Olindo Romano e Rosa Bazzi, condannati per la strage di Erba, sperano nella revisione del processo. E se l’assassino fosse ancora libero? Ne ha parlato l’avvocato Fabio Schembri a La Vita in Diretta in merito all’accettazione da parte della Cassazione di nuovi accertamenti: «Sono convinto della loro innocenza, così come lo sono gli altri avvocati, ma quello che pensiamo noi non conta nulla». Il compito del pool difensivo di Olindo e Rosa è «dimostrare, tramite elementi nuovi, che non c’entrano nulla con la strage, allora sarebbe suggellata la loro innocenza». Ma questo è possibile solo provando ad ottenere la revisione del processo. Francesca Fialdini ha allora chiesto all’avvocato di indicare i nuovi elementi che potrebbero portare alla revisione, ma l’avvocato ha voluto fare prima una precisazione: «L’ultima volta che ho indicato elementi nuovi me li hanno distrutti. Prima che si pronunciasse la Corte di Cassazione una serie di reperti non ancora analizzati sono stati distrutti a Como, nonostante l’autorità giudiziaria avesse disposto la conservazione per l’analisi».

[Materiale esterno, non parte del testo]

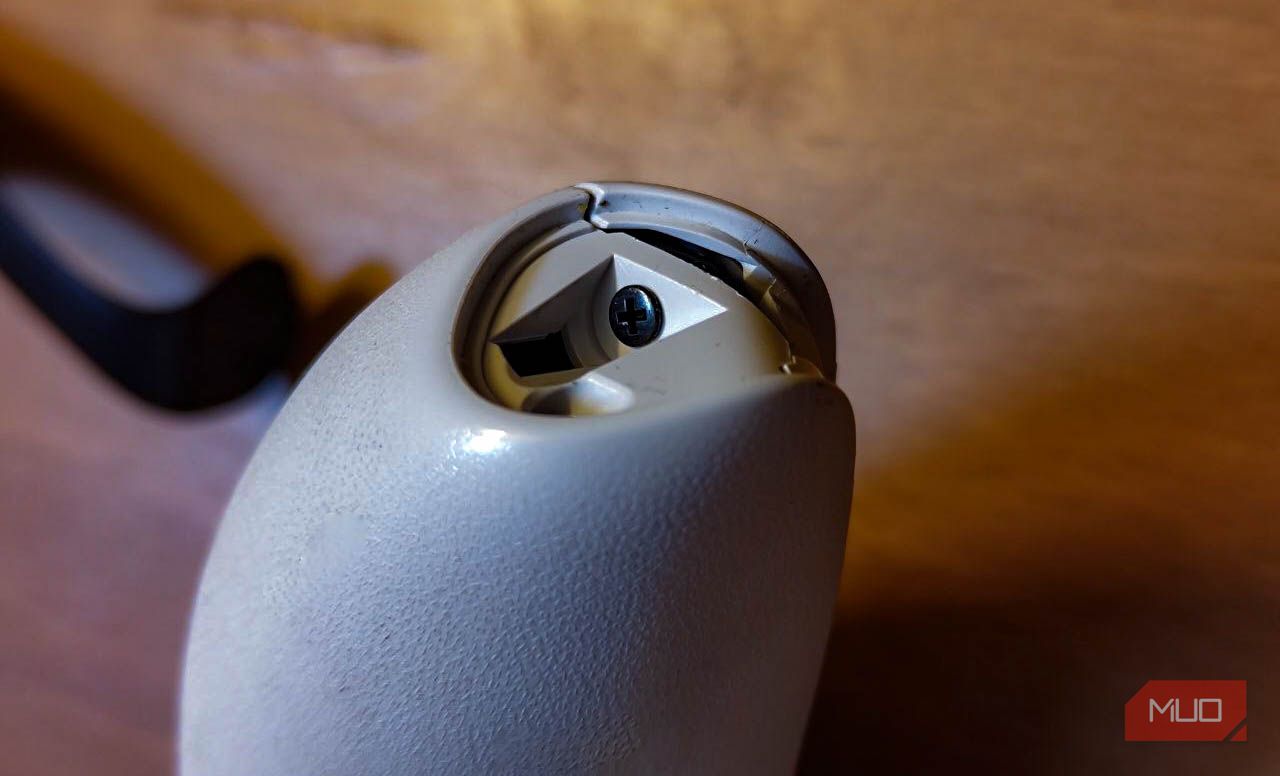 Ручка контроллера PS5 с видимым винтом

STRAGE DI ERBA, ECCO I REPERTI CHE SARANNO ANALIZZATI
L’avvocato Fabio Schembri ha spiegato a La Vita in Diretta che alcuni reperti si sono salvati e potranno essere analizzati presso l’università di Pavia. Questi sono alcuni degli elementi su cui punteranno per ottenere la revisione del processo per Olindo Romano e Rosa Bazzi. Il legale fa riferimento nel programma ai margini ungueali e polpastrelli delle vittime, alle formazioni pilifere sulla felpa di Youssef. Invece presso il Ris di Parma verranno analizzati l’impronta palmare nella palazzina della strage di Erba, le tracce sull’accendino trovato sul pianerottolo di casa Castagna, la traccia ematica sul terrazzino di casa Castagna. Li ha indicato l’avvocato Schembri a La Vita in Diretta nella puntata di oggi. Per l’accertamento irripetibile sarà necessario avvisare il pubblico ministero affinché possa nominare suoi consulenti. E il legale dei coniugi Romano è pronto a farlo, «anche se, prima della decisione della Cassazione, alcuni reperti sono stati distrutti dalla cancelleria della Corte d’assise di Como, ne rimangono altri presso il Ris e l’Università di Pavia».